**How to complete this task**
Give back the data below exactly, with every line kept the same.

Collection entries:
╭──

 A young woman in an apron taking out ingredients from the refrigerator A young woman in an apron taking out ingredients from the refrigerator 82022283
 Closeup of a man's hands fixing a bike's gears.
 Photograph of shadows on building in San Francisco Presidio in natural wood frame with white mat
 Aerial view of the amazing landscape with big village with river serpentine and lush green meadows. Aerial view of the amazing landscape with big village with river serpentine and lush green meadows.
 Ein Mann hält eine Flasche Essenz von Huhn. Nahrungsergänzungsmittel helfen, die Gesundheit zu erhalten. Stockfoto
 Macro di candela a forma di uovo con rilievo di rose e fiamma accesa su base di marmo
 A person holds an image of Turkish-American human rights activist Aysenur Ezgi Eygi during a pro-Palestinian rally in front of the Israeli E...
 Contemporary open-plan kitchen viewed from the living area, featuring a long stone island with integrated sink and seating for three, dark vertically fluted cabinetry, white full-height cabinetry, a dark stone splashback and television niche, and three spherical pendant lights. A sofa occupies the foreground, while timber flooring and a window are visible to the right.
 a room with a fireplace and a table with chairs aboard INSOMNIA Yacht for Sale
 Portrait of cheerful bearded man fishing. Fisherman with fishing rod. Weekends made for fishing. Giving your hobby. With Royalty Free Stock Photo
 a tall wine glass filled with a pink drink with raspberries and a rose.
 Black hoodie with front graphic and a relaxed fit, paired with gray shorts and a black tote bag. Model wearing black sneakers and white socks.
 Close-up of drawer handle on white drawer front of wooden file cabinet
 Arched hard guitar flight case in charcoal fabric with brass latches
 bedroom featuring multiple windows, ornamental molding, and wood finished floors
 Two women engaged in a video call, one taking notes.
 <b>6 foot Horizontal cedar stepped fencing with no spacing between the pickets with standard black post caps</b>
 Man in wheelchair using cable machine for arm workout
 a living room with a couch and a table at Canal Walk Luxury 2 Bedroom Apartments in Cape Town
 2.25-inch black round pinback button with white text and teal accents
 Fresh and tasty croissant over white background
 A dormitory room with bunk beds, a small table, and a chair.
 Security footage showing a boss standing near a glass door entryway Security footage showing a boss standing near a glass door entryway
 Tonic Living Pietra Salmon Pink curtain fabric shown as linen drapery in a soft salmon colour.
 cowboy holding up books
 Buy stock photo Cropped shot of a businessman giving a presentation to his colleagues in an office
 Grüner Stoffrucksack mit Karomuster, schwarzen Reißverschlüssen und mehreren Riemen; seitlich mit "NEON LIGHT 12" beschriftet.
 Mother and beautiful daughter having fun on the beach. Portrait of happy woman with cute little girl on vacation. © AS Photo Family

╰──

**Answer to the exercise**
 A young woman in an apron taking out ingredients from the refrigerator A young woman in an apron taking out ingredients from the refrigerator 82022283
 Closeup of a man's hands fixing a bike's gears.
 Photograph of shadows on building in San Francisco Presidio in natural wood frame with white mat
 Aerial view of the amazing landscape with big village with river serpentine and lush green meadows. Aerial view of the amazing landscape with big village with river serpentine and lush green meadows.
 Ein Mann hält eine Flasche Essenz von Huhn. Nahrungsergänzungsmittel helfen, die Gesundheit zu erhalten. Stockfoto
 Macro di candela a forma di uovo con rilievo di rose e fiamma accesa su base di marmo
 A person holds an image of Turkish-American human rights activist Aysenur Ezgi Eygi during a pro-Palestinian rally in front of the Israeli E...
 Contemporary open-plan kitchen viewed from the living area, featuring a long stone island with integrated sink and seating for three, dark vertically fluted cabinetry, white full-height cabinetry, a dark stone splashback and television niche, and three spherical pendant lights. A sofa occupies the foreground, while timber flooring and a window are visible to the right.
 a room with a fireplace and a table with chairs aboard INSOMNIA Yacht for Sale
 Portrait of cheerful bearded man fishing. Fisherman with fishing rod. Weekends made for fishing. Giving your hobby. With Royalty Free Stock Photo
 a tall wine glass filled with a pink drink with raspberries and a rose.
 Black hoodie with front graphic and a relaxed fit, paired with gray shorts and a black tote bag. Model wearing black sneakers and white socks.
 Close-up of drawer handle on white drawer front of wooden file cabinet
 Arched hard guitar flight case in charcoal fabric with brass latches
 bedroom featuring multiple windows, ornamental molding, and wood finished floors
 Two women engaged in a video call, one taking notes.
 <b>6 foot Horizontal cedar stepped fencing with no spacing between the pickets with standard black post caps</b>
 Man in wheelchair using cable machine for arm workout
 a living room with a couch and a table at Canal Walk Luxury 2 Bedroom Apartments in Cape Town
 2.25-inch black round pinback button with white text and teal accents
 Fresh and tasty croissant over white background
 A dormitory room with bunk beds, a small table, and a chair.
 Security footage showing a boss standing near a glass door entryway Security footage showing a boss standing near a glass door entryway
 Tonic Living Pietra Salmon Pink curtain fabric shown as linen drapery in a soft salmon colour.
 cowboy holding up books
 Buy stock photo Cropped shot of a businessman giving a presentation to his colleagues in an office
 Grüner Stoffrucksack mit Karomuster, schwarzen Reißverschlüssen und mehreren Riemen; seitlich mit "NEON LIGHT 12" beschriftet.
 Mother and beautiful daughter having fun on the beach. Portrait of happy woman with cute little girl on vacation. © AS Photo Family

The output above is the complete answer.